Top of DATA SHOWN

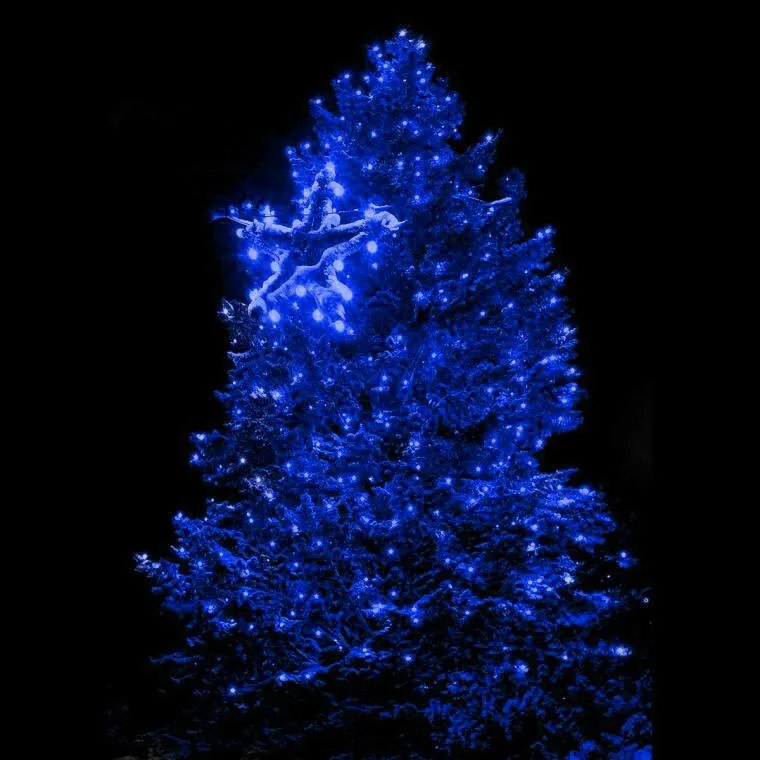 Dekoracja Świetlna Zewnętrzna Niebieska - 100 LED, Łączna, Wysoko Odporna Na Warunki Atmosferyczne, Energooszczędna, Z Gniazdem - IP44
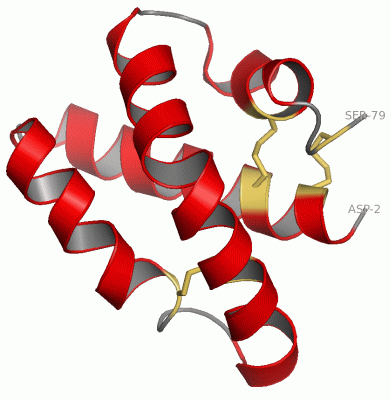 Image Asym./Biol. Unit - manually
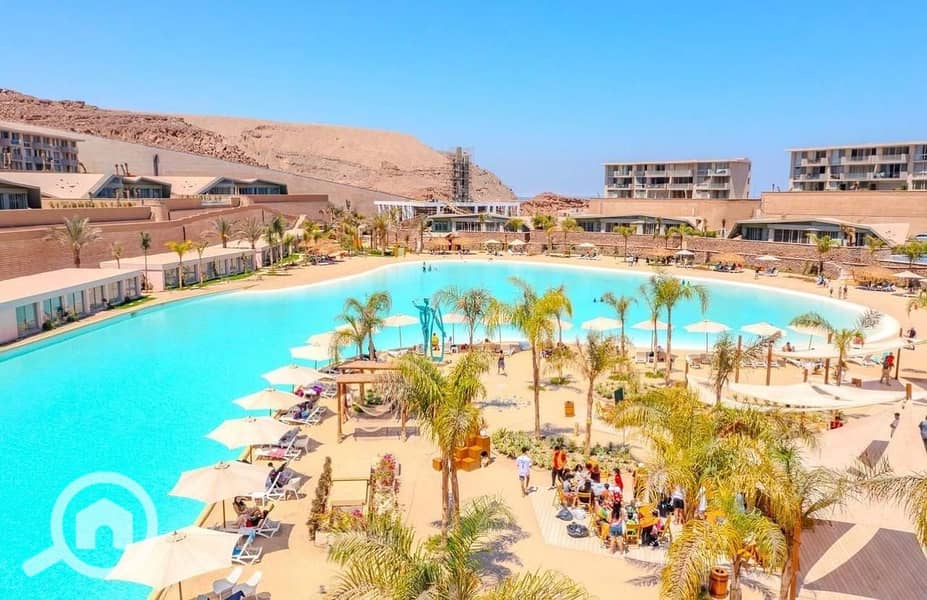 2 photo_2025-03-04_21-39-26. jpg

Bottom of DATA SHOWN

ACTIVITY: Apart from the pictures, every line of the data above should be given again exactly.

OUTPUT FOR THIS TASK:
 Dekoracja Świetlna Zewnętrzna Niebieska - 100 LED, Łączna, Wysoko Odporna Na Warunki Atmosferyczne, Energooszczędna, Z Gniazdem - IP44
 Image Asym./Biol. Unit - manually
 2 photo_2025-03-04_21-39-26. jpg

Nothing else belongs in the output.